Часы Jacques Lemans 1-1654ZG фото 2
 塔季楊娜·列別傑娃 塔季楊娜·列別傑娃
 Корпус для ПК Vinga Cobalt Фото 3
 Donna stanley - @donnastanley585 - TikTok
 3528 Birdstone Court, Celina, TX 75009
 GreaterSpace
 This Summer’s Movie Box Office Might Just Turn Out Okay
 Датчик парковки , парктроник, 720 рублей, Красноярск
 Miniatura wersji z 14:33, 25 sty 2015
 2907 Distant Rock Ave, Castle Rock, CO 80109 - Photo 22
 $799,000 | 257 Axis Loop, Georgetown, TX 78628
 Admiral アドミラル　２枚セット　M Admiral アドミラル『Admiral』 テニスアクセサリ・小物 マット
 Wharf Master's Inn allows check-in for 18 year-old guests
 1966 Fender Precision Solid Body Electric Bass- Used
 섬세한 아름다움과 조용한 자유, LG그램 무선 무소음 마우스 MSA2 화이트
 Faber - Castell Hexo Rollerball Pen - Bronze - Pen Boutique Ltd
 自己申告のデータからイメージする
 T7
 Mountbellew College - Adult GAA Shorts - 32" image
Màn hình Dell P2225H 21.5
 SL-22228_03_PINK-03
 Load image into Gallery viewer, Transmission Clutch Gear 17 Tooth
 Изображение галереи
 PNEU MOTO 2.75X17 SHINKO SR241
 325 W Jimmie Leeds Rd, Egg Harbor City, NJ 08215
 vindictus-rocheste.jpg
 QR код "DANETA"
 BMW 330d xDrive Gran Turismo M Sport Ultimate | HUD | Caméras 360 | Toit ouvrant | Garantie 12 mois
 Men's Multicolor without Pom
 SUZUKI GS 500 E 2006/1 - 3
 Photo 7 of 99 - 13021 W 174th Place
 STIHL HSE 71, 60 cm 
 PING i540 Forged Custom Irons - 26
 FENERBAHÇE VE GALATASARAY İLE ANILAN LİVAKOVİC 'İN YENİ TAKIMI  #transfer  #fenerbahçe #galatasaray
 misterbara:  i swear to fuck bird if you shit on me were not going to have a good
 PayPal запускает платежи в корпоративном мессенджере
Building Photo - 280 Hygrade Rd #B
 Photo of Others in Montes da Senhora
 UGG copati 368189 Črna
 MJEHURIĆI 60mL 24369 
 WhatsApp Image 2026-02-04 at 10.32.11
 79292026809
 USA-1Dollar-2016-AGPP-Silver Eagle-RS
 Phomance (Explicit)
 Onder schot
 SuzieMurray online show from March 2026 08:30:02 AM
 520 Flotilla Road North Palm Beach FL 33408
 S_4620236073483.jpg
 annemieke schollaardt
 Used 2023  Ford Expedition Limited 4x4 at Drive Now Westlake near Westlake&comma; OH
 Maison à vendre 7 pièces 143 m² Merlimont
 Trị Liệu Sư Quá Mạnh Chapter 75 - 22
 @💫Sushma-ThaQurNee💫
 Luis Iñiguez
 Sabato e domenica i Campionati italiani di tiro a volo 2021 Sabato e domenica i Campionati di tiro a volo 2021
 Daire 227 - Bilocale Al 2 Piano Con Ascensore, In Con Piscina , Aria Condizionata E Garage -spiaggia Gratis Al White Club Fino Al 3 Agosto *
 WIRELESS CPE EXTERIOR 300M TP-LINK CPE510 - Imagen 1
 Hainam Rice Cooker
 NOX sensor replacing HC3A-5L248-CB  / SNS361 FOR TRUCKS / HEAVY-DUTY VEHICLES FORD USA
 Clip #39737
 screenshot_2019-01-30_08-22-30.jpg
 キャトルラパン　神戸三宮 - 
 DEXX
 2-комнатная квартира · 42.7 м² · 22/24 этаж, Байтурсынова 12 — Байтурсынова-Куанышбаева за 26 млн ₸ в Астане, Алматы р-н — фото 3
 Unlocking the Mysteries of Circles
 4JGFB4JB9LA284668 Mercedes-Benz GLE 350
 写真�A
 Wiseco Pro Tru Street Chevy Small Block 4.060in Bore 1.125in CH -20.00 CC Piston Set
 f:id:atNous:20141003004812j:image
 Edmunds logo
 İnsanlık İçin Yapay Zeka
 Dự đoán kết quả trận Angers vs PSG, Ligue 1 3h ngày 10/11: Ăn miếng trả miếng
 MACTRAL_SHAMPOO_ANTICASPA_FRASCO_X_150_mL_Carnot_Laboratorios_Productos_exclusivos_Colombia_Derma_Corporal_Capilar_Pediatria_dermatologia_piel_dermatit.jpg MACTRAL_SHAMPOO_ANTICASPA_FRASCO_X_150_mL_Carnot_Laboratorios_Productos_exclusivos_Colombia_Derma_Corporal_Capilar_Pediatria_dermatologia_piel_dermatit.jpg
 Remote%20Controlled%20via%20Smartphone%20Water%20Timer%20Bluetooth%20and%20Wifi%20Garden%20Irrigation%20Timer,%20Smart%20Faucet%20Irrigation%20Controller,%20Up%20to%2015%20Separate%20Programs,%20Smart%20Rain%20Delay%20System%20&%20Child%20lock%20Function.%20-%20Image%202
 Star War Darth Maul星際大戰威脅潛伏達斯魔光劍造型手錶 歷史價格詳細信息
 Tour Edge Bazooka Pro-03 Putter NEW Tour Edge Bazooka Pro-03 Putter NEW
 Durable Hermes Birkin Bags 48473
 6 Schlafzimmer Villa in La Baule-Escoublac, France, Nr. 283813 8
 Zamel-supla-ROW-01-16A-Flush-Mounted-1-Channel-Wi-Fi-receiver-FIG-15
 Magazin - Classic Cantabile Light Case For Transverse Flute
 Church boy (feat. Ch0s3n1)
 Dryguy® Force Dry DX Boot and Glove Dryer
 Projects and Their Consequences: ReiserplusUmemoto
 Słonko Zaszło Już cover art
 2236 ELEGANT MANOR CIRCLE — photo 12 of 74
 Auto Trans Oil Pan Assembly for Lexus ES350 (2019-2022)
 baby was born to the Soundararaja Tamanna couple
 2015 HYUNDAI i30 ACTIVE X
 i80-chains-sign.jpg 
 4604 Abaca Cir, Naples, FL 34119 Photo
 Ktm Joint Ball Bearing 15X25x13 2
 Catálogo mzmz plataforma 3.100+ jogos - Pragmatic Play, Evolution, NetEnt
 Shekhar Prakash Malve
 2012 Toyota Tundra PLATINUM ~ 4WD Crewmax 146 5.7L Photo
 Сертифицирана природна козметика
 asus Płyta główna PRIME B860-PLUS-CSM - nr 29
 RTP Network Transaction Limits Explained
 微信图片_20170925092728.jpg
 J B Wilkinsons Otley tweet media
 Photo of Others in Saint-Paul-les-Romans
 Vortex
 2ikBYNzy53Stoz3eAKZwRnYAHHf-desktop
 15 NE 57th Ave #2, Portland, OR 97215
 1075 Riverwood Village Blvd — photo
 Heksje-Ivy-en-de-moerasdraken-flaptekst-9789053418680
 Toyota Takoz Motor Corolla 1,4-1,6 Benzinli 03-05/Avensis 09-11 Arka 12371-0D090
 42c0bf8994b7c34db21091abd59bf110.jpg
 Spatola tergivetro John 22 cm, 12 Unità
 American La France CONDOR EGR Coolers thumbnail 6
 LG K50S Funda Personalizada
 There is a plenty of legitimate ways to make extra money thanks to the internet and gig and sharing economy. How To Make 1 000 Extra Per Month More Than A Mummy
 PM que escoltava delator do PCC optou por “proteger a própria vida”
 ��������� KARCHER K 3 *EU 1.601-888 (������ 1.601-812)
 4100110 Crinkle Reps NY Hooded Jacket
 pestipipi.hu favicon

______

Task
Only the lines from the one holding "2015 HYUNDAI i30 ACTIVE X" through the end of the listing should be given again, exactly and with both ends included.

Expected answer
 2015 HYUNDAI i30 ACTIVE X
 i80-chains-sign.jpg 
 4604 Abaca Cir, Naples, FL 34119 Photo
 Ktm Joint Ball Bearing 15X25x13 2
 Catálogo mzmz plataforma 3.100+ jogos - Pragmatic Play, Evolution, NetEnt
 Shekhar Prakash Malve
 2012 Toyota Tundra PLATINUM ~ 4WD Crewmax 146 5.7L Photo
 Сертифицирана природна козметика
 asus Płyta główna PRIME B860-PLUS-CSM - nr 29
 RTP Network Transaction Limits Explained
 微信图片_20170925092728.jpg
 J B Wilkinsons Otley tweet media
 Photo of Others in Saint-Paul-les-Romans
 Vortex
 2ikBYNzy53Stoz3eAKZwRnYAHHf-desktop
 15 NE 57th Ave #2, Portland, OR 97215
 1075 Riverwood Village Blvd — photo
 Heksje-Ivy-en-de-moerasdraken-flaptekst-9789053418680
 Toyota Takoz Motor Corolla 1,4-1,6 Benzinli 03-05/Avensis 09-11 Arka 12371-0D090
 42c0bf8994b7c34db21091abd59bf110.jpg
 Spatola tergivetro John 22 cm, 12 Unità
 American La France CONDOR EGR Coolers thumbnail 6
 LG K50S Funda Personalizada
 There is a plenty of legitimate ways to make extra money thanks to the internet and gig and sharing economy. How To Make 1 000 Extra Per Month More Than A Mummy
 PM que escoltava delator do PCC optou por “proteger a própria vida”
 ��������� KARCHER K 3 *EU 1.601-888 (������ 1.601-812)
 4100110 Crinkle Reps NY Hooded Jacket
 pestipipi.hu favicon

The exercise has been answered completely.